On Wed, Aug 11, 2021 at 11:45 PM Justin Pryzby  wrote:

> The rowcount estimate for the time column is bad for all these plans - do
> you
> know why ?  You're using inheritence - have you analyzed the parent tables
> recently ?
>
> | Index Scan using other_events_1004175222_pim_evdef_67951aef14bc_idx on
> public.other_events_1004175222 (cost=0.28..1,648,877.92 rows=1,858,891
> width=32) (actual time=1.008..15.245 rows=23 loops=1)
> |Index Cond: ((other_events_1004175222."time" >=
> '162477720'::bigint) AND (other_events_1004175222."time" <=
> '162736920'::bigint))
>
> --
> Justin
>


-- 

K. Matt Dupree

Data Science Engineer
321.754.0526  |  [email protected]


Re: Postgres using the wrong index index

2021-08-12 Thread Justin Pryzby
On Thu, Aug 12, 2021 at 09:38:45AM -0400, Matt Dupree wrote:
> > The rowcount estimate for the time column is bad for all these plans - do 
> > you
> > know why ?  You're using inheritence - have you analyzed the parent tables 
> > recently ?
> 
> Yes. I used ANALYZE before posting, as it's one of the "things to try"
> listed in the slow queries wiki. I even ran the queries immediately after
> analyzing. No difference. Can you say more about why the bad row estimate
> would cause Postgres to use the bigger index? I would expect Postgres to
> use the smaller index if it's over-estimating how many rows will be
> returned.

The overestimate is in the table's "time" column (not index) and applies to all
the plans.  Is either half of the AND estimated correctly?  If you do a query
with only ">=", and a query with only "<=", do either of them give an accurate
rowcount estimate ?

|Index Scan using other_events_1004175222_pim_evdef_67951aef14bc_idx on 
public.other_events_1004175222 (cost=0.28..1,648,877.92 rows=1,858,891 
width=32) (actual time=1.008..15.245 rows=23 loops=1) 
|Index Cond: ((other_events_1004175222."time" >= '162477720'::bigint) AND 
(other_events_1004175222."time" <= '162736920'::bigint))

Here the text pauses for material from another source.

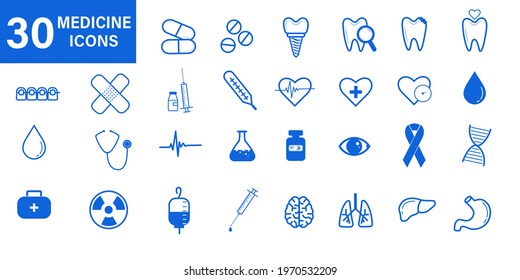 Medical and Health web icons Vector illustration.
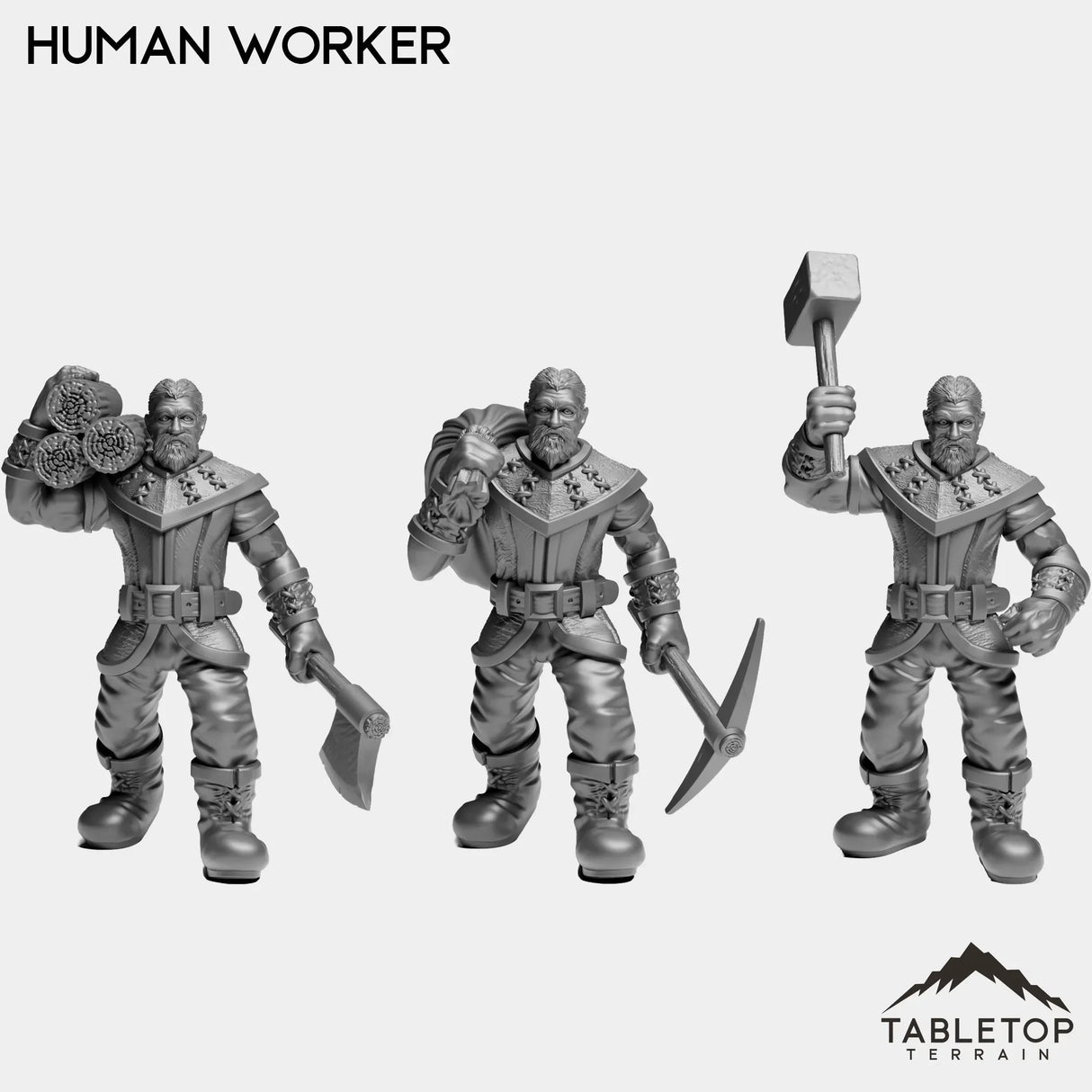 Tabletop Terrain Miniature Full Set Human Worker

It seems like postgres expects the scan to return a large number of matching
rows, so tries to use the more selective index which includes the "type"
column.  But "type" is not very selective either (it has only 4 distinct
values), and "time" is not the first column, so it reads a large fraction of
the table, slowly.

Could you check pg_stat_all_tables and be sure the last_analyzed is recent for
both parent and child tables ?

Could you send the histogram bounds for "time" ?
SELECT tablename, attname, inherited, array_length(histogram_bounds,1), 
(histogram_bounds::text::text[])[1], 
(histogram_bounds::text::text[])[array_length(histogram_bounds,1)]
FROM pg_stats ... ;

-- 
Justin